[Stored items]
.....

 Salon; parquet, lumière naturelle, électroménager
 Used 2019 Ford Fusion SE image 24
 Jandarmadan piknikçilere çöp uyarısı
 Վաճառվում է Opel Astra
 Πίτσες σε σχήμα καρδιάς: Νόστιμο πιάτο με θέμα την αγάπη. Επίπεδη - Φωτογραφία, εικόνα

.....

▶ [Exercise goal] Each entry shown above should be copied out exactly.

▶ [Response area]
 Salon; parquet, lumière naturelle, électroménager
 Used 2019 Ford Fusion SE image 24
 Jandarmadan piknikçilere çöp uyarısı
 Վաճառվում է Opel Astra
 Πίτσες σε σχήμα καρδιάς: Νόστιμο πιάτο με θέμα την αγάπη. Επίπεδη - Φωτογραφία, εικόνα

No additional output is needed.